Issue of: May 20, 1998  

 

Forest Service announces cuts

140 jobs in southern Idaho at stake


By E.D. ALEXANDER
Express Staff Writer

The status of the U.S. Forest Service in southern Idaho is bleak: timber receipts are dropping, operational costs are rising, and 140 employees are leaving.

Last Thursday, forest supervisors announced 63 full-time positions will be cut on the Boise National Forest, 52 on the Payette, and 25 on the Sawtooth.

The foresters expect to have the positions identified by Oct. 1. The cuts would be spread over a three-year period.

Declining budgets and increasing costs at regional and local levels have created the need to cut back, said Sawtooth National Forest supervisor Bill LeVere.

"A lot of the dollars that we used to get are going elsewhere," he said.

Two years ago, forest headquarters in Washington, D.C., changed its budgetary criteria, said LeVere.

As a result, the region--southern Idaho, Utah, Nevada, and southwest Wyoming-- is seeing more money, but most of the money is being funneled to "urban" forests that are within an hour’s drive from at least a million people.

So the Wasatch-Cache National Forest outside Salt Lake City and the Toiyabe National Forest south of Reno get richer while the forests in southern Idaho get poorer.

"As [federal money] filters down, there tends to be some winners and some losers," said LeVere. "Unfortunately, we tend to be a loser."

Boise supervisor Dave Rittenhouse, Payette supervisor Dave Alexander and LeVere said some administrative facilities may need to be closed or consolidated with other offices.

Certain high-level jobs could be combined and officials have talked about consolidating the Burley and Twin Falls ranger districts. Former employees could be relocated to other Forest Service jobs.

But the 756,000-acre Sawtooth National Recreation Area north of Ketchum, one of the six components of the Sawtooth National Forest, is already skin and bones, according to ranger Ed Cannady.

"We’re at the point where we can’t get a whole lot leaner," he said.

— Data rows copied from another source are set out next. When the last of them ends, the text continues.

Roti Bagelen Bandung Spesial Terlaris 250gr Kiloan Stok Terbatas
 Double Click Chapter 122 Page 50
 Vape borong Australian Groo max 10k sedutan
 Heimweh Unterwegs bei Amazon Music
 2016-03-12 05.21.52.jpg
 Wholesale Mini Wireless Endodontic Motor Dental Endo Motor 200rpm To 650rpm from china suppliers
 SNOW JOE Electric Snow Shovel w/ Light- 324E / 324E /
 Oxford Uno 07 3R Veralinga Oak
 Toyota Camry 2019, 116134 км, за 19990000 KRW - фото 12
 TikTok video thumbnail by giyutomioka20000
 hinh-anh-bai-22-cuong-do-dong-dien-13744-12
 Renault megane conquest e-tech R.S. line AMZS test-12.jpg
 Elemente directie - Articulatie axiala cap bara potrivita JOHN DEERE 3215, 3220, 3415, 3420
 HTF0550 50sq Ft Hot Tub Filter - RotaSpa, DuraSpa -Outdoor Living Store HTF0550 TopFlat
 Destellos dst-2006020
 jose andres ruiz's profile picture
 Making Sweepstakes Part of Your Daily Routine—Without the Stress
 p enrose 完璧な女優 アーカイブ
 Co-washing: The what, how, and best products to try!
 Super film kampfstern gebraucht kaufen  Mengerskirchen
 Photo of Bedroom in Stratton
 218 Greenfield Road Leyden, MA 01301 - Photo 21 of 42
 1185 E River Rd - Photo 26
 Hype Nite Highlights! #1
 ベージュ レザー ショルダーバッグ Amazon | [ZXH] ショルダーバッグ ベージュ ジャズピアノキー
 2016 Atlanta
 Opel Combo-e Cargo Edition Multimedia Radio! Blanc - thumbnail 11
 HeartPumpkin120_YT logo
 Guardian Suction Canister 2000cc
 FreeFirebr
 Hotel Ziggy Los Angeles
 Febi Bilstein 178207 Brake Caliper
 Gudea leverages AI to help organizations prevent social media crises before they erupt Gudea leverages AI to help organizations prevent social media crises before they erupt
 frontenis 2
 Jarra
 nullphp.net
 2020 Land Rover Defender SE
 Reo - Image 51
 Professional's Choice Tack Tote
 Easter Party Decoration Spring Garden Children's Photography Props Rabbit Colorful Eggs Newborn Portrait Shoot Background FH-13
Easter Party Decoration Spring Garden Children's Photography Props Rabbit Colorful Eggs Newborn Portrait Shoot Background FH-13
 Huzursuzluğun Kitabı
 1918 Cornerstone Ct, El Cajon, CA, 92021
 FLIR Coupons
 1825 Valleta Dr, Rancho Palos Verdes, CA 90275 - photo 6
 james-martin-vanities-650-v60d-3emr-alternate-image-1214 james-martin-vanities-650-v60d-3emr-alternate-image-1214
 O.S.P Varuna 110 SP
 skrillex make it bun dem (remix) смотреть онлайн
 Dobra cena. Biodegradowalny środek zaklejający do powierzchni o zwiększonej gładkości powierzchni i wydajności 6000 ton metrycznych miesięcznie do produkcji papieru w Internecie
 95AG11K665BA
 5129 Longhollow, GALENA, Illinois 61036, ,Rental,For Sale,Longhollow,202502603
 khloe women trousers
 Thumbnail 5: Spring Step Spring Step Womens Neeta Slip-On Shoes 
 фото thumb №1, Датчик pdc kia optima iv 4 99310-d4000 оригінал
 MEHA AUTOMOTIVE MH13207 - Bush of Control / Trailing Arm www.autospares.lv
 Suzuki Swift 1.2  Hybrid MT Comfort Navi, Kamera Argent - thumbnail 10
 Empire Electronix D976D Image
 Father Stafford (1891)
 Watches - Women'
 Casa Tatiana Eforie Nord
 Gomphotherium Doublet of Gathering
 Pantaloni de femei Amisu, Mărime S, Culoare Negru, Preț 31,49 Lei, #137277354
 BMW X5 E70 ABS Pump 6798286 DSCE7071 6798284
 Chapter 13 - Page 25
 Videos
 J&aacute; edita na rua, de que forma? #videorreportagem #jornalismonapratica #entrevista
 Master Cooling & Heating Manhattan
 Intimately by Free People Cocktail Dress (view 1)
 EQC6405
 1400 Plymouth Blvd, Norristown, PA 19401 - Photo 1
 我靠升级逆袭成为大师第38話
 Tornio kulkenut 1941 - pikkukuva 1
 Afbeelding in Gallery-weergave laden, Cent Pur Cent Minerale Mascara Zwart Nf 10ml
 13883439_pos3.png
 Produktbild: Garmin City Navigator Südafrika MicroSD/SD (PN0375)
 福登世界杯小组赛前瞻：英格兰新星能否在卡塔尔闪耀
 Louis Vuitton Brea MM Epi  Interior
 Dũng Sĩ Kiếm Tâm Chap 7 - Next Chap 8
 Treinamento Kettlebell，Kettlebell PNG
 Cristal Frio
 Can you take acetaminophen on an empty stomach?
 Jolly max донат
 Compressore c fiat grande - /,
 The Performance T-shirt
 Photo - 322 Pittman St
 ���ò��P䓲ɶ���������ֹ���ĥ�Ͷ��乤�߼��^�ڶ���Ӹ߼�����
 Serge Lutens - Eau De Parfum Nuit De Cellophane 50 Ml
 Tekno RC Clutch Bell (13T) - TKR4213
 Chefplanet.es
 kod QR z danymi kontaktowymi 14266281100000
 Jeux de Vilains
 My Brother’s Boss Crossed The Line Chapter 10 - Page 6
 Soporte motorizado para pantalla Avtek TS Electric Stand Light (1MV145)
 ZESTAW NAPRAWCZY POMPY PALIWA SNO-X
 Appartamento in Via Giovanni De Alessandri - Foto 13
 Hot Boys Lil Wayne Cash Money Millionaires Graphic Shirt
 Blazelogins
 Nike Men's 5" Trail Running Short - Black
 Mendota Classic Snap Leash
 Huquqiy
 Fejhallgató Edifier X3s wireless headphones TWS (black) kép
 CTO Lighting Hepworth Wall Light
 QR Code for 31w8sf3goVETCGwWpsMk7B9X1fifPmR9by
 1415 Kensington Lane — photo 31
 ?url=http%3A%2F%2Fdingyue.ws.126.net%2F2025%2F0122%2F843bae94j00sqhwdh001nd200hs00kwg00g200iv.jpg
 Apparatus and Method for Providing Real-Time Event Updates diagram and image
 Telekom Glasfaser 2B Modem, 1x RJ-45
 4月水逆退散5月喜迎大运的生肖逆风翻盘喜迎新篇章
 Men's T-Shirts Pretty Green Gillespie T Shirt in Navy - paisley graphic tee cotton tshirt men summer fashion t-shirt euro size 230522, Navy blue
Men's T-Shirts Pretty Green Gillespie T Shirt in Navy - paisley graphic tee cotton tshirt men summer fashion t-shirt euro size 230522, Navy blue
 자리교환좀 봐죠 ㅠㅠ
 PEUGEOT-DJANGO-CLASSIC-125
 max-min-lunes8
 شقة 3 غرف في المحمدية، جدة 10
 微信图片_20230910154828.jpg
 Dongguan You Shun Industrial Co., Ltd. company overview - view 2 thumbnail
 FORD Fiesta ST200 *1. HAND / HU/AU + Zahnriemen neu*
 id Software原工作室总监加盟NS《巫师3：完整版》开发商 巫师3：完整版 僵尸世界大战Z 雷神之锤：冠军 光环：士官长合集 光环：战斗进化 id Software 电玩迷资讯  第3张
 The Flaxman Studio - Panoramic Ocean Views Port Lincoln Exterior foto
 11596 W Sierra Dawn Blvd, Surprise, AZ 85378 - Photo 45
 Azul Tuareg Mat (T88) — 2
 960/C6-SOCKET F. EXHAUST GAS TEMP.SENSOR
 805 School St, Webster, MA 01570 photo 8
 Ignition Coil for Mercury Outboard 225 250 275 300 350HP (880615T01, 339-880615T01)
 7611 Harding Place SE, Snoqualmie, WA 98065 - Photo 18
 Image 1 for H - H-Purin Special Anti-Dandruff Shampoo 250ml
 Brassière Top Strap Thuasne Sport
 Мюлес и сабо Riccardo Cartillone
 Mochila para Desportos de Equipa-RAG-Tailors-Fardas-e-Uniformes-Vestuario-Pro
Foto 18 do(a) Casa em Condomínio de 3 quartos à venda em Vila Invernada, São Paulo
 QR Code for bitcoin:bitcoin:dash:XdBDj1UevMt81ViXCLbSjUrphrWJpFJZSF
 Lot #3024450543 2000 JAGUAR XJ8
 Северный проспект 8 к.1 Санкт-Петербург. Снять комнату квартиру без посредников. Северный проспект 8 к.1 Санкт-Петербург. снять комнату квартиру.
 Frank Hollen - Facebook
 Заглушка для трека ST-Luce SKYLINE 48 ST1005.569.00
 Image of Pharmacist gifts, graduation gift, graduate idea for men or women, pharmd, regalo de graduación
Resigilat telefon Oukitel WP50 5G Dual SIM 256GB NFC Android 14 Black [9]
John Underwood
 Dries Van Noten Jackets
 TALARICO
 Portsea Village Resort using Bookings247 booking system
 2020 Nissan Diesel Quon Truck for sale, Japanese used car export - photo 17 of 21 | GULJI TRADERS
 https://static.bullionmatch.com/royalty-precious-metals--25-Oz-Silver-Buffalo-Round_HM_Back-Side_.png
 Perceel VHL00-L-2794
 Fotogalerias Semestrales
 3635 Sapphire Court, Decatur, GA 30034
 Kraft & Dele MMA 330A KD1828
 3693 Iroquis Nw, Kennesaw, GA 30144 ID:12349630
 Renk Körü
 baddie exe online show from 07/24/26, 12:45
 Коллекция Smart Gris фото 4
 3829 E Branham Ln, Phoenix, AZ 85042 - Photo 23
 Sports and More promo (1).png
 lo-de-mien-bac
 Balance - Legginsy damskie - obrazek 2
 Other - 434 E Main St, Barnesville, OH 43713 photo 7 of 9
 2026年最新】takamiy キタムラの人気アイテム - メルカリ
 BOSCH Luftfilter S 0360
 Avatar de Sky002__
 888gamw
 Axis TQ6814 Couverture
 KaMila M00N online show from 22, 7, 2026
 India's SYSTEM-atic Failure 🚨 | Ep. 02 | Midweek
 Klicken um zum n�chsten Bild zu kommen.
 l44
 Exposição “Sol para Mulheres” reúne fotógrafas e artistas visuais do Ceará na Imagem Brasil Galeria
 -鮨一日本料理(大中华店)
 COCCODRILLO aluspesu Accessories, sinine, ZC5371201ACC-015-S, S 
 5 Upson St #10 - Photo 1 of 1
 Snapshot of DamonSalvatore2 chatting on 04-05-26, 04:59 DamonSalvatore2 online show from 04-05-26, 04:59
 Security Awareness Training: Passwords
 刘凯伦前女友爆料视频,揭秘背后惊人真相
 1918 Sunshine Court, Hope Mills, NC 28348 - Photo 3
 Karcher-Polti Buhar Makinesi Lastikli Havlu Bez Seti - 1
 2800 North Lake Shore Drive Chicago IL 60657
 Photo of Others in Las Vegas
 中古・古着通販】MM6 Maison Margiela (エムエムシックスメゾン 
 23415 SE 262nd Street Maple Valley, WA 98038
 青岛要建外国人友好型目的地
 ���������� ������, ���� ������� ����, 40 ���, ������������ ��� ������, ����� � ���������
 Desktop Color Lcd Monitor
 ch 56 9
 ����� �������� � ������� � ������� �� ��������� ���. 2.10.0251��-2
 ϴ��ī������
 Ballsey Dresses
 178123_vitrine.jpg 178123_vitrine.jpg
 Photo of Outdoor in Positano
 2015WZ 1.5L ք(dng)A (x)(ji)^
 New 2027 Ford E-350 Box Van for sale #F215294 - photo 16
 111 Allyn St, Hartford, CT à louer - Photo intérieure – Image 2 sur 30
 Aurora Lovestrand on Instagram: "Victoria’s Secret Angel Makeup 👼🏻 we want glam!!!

When the SNRA was established in 1972, it had 64 permanent employees. The number is now in the low twenties.

"Since 1972, use in the SNRA has increased, yet we’re dealing with only one third the employees we used to have," LeVere said.

Currently, the three national forests are operating under a budget of $62 million. Appropriated federal funds make up 57 percent of the budget, or $35 million.

The appropriations are expected to be reduced by $2.6 million by the year 2000. Timber receipts, which are responsible for 43 percent of the budget, are also declining.

The three national forests in southern Idaho encompass 7.1 million acres. Cuts in 1996 and 1997 abolished 149 positions.